Kalman Linker

Implementation of SKT from [9]

class byotrack.implementation.linker.frame_by_frame.kalman_linker.Cost(*values)

Bases: Enum

The cost to use for association.

LIKELIHOOD
Build the cost matrix to maximize the likelihood of the association. The cost is defined as: the negative log likelihood that the detections j is from track i. C[i, j] = - log P(det_j | track_i) The cost limit is expected to be the smallest probability to accept.
MAHALANOBIS
Mahalanobis distance, using the track uncertainty to correct the euclidean distance. The cost limit is expected to be the largest Mahalanobis distance to accept.
MAHALANOBIS_SQ
Squared Mahalanobis distance. The cost limit is expected to be the largest Mahalanobis distance to accept. (not squared)
EUCLIDEAN
Euclidean distance. The cost limit is expected to be the largest Euclidean distance to accept.
EUCLIDEAN_SQ
Squared euclidean distance. The cost limit is expected to be the largest Euclidean distance to accept. (not squared)

class byotrack.implementation.linker.frame_by_frame.kalman_linker.TrackBuilding(*values)

Bases: Enum

How to build the final tracks.

DETECTION
Build tracks from detections without filtering nor filling gaps
FILTERED
Build tracks from the Kalman filter outputs
SMOOTHED
Add a backward run of the Kalman filter (RTS) to smooth tracks position

class byotrack.implementation.linker.frame_by_frame.kalman_linker.KalmanLinkerParameters(association_threshold: float = -1.0, *, detection_std: float | Tensor = 0.0, process_std: float | Tensor = 0.0, kalman_order: int = 1, n_valid=3, n_gap=3, association_method: str | AssociationMethod = AssociationMethod.SPARSE_OPT_SMOOTH, anisotropy: tuple[float, float, float] = (1.0, 1.0, 1.0), cost: str | Cost = Cost.LIKELIHOOD, track_building: str | TrackBuilding = TrackBuilding.SMOOTHED, split_factor: float = 0.0, merge_factor: float = 0.0, online_process_std: float = 0.0, initial_std_factor: float = 5.0)

Bases: FrameByFrameLinkerParameters

Parameters of KalmanLinker.

Note

Most parameters can be estimated automatically from the detections using estimate.

association_threshold

This is the main hyperparameter, it defines the threshold on the distance used not to link tracks with detections. A low threshold will typically reduce wrong assignments and ID-switches, but may increase track fragmentation. Higher values will reduce track fragmentation, but miss-detected tracks may be linked to a wrong detection. Depending on cost, it is either expressed the maximum Euclidean distance (pixels), or the maximum Mahalanobis distance, or the minimum likelihood (probability). Default: -1.0 (to be estimated, see estimate.)

Type:: float

detection_std

Expected measurement noise (in pixel) on the detection process.

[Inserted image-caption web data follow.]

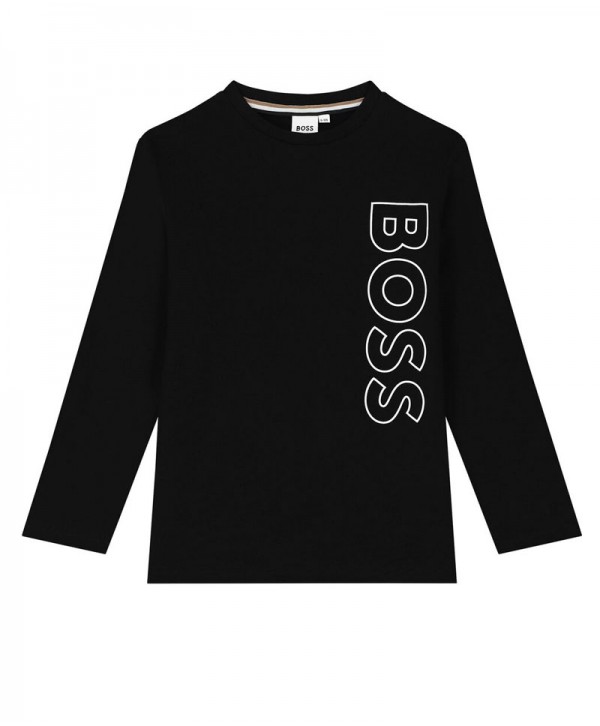 BOSS Boys Black Logo Long Sleeve Top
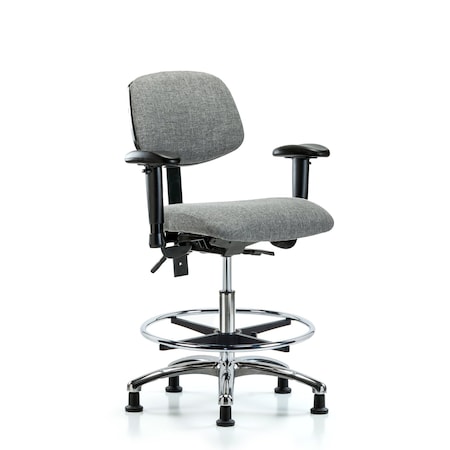Medium Bench Chair Chair, Fab, Med Ben, Chr Tilt AA CF Gld Gry, Adjustable Arms, 22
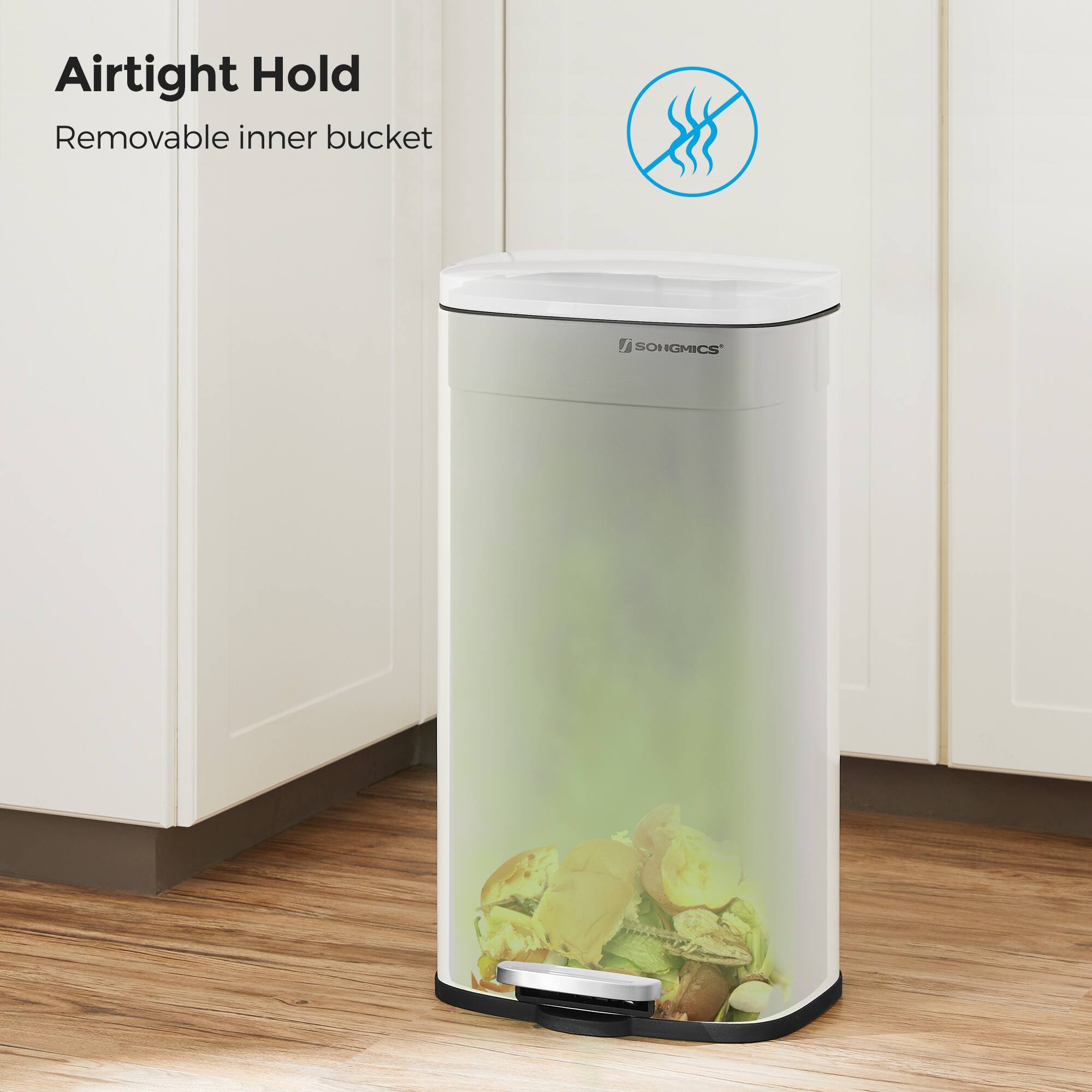 Airtight Hold  
Removable inner bucket  
SONGMICS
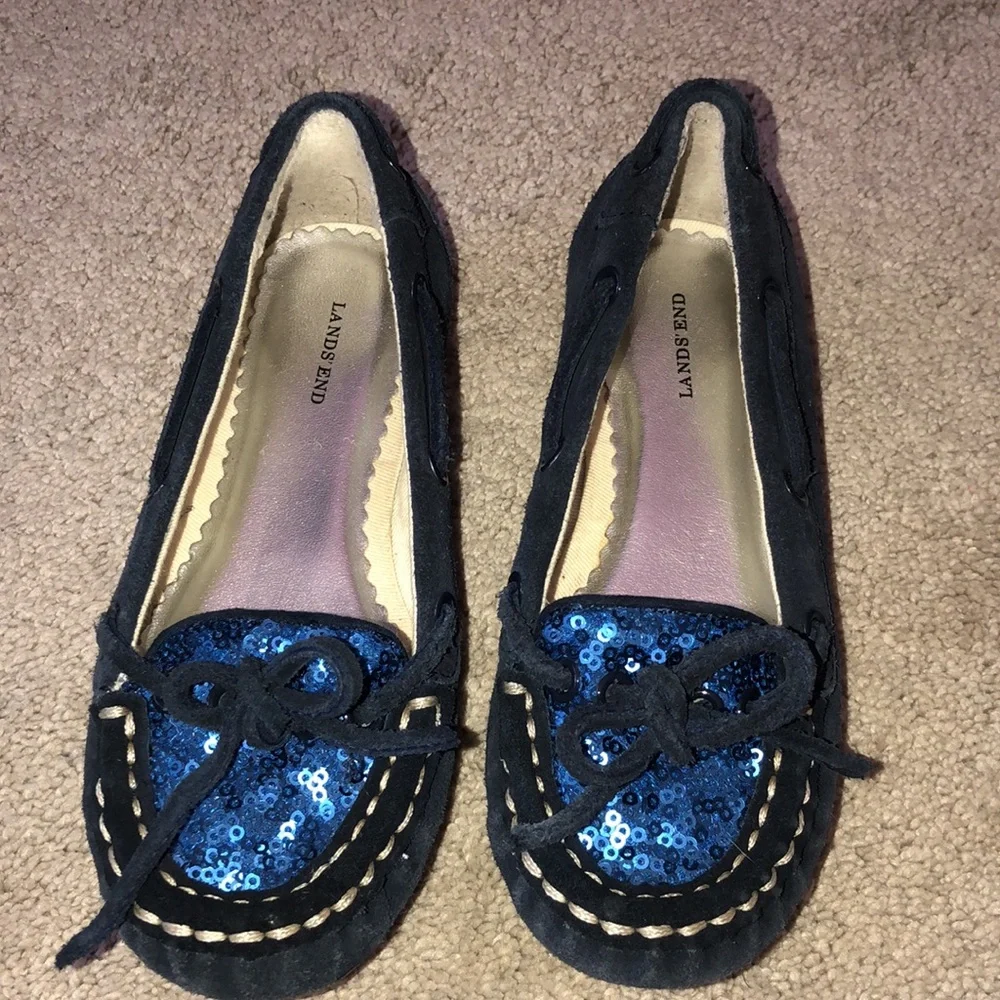 Lands End Holiday Girls toddlers size 11 Sequins Suede Loafers Navy‎ Blue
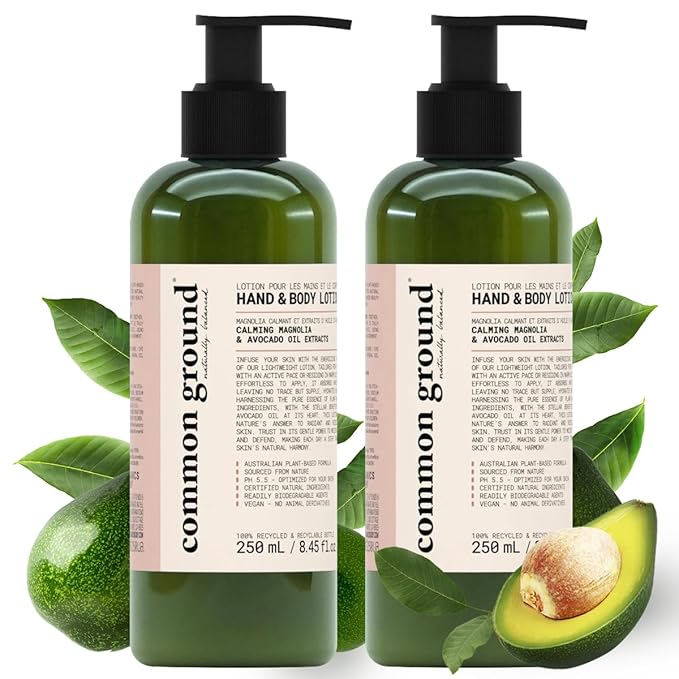 COMMON GROUND Natural Lotion Moisturizer - Paraben & Cruelty Free - Non Greasy, Vegan, Plant-Based, Avocado Oil - All, Men, Women, Eczema, Sensitive Skin (2 x 8.4 fl oz)-FemmiqueWomen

The detection process is modeled with a Gaussian noise with this given std. You may provide a different noise for each dimension. See torch_kf.ckf.constant_kalman_filter. Default: 0.0 (to be estimated, see estimate.)

Type:: float | torch.Tensor

process_std

Expected process noise (in pixel). See torch_kf.ckf.constant_kalman_filter The process is modeled as constant order-th derivative motion with a Gaussian noise. This quantify how much the supposedly “constant” order-th derivative can change between two consecutive frames. A common rule of thumb is to use 4 * process_std ~= max_t(| dx^(order)(t+1) - dx^(order)(t)|) (see estimate_process_std_from_tracks). It can be provided for each dimension. Default: 0.0 (to be estimated, see estimate)

Type:: float | torch.Tensor

kalman_order

Order of the Kalman filter to use. 0 for brownian motions, 1 for directed brownian motion, 2 for accelerated brownian motions, etc… Default: 1

Type:: int

n_valid

Number of detections required to validate the track after its creation. If a track is missed during its first n_valid frames, it is dropped. This provides robustness to false positive detections. With no false positives, it can be set to 1 (a detection always belongs to a track). Highers values allow to remove non time-consistent false positives, but may prune real tracks that have been miss-detected. Default: 3

Type:: int

n_gap

Number of consecutive frames without any association (miss-detected) before the track termination. This provides robustness to false negative detections. Without any false negatives, it can be set to 0. Higher values allow to support larger gaps in the track, but may lead to wrong assignments. Default: 3

Type:: int

association_method

The frame-by-frame association to use. See AssociationMethod. It can be provided as a string. Choice: GREEDY, OPT_HARD, OPT_SMOOTH, SPARSE_OPT_HARD, SPARSE_OPT_SMOOTH. Default: SPARSE_OPT_SMOOTH

Type:: AssociationMethod

anisotropy

Anisotropy of images (Ratio of the pixel sizes for each axis, depth first). This will be used to scale distances. Note that it will only impact EUCLIDEAN[_SQ] costs; for probabilistic cost, anisotropy should be already integrated within the stds of the kalman filter (providing one std for each dimension). Default: (1., 1., 1.)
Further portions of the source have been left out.